You are viewing a plain text version of this content. The canonical link for it is here.

Posted to user@pig.apache.org by Yang <te...@gmail.com> on 2015/07/19 23:02:50 UTC

PIG and Spark actually similar?

Spark is very hot now, but after reading the paper, I found it surprisingly
similar to PIG's concept: the RDD is just Relation/set in PIG's
terminology.

I think a great strength of Spark is that it tries to merge multiple
"narrow dependency" stages together to avoid too much IO. does PIG do that
too? otherwise, I can't figure out what other major design differences
would lead to huge performance difference, if Spark also uses on-disk
storage. The overhead to start a MR task should not be that big.

Re: PIG and Spark actually similar?

Posted by Paul Houle <on...@gmail.com>.

There is a port of Pig that runs over Spark.

http://blog.cloudera.com/blog/2014/09/pig-is-flying-apache-pig-on-apache-spark/

The way I understand it,  Pig will analyze the pipeline you give it and
then compile the job so it runs on some fabric. Apache Tez is a
computational fabric which is somewhere in between Spark and the old
Map/Reduce in the sense that Tez eliminates many of the extreme
inefficiencies of Map/Reduce by allowing sequences other than

[storage] -> [map] -> [reduce] -> [storage]

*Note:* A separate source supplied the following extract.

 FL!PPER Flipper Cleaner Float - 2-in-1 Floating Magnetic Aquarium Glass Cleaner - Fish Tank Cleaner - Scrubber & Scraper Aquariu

but Tez is otherwise a lot like Map/Reduce,  whereas Spark offers in an
in-memory execution model (as well as on-disk) and is different in deeper
ways.

It could be that Pig-over-Spark is less compelling than Pig-over-something
else because a Spark program is a lot more like a Pig program than an M/R
program is.

On Sun, Jul 19, 2015 at 5:02 PM, Yang <te...@gmail.com> wrote:

> Spark is very hot now, but after reading the paper, I found it surprisingly
> similar to PIG's concept: the RDD is just Relation/set in PIG's
> terminology.
>
> I think a great strength of Spark is that it tries to merge multiple
> "narrow dependency" stages together to avoid too much IO. does PIG do that
> too? otherwise, I can't figure out what other major design differences
> would lead to huge performance difference, if Spark also uses on-disk
> storage. The overhead to start a MR task should not be that big.
>

-- 
Paul Houle

*Applying Schemas for Natural Language Processing, Distributed Systems,
Classification and Text Mining and Data Lakes*

(607) 539 6254    paul.houle on Skype   ontology2@gmail.com
https://legalentityidentifier.info/lei/lookup/
<http://legalentityidentifier.info/lei/lookup/>

Re: PIG and Spark actually similar?

Posted by Russell Jurney <ru...@gmail.com>.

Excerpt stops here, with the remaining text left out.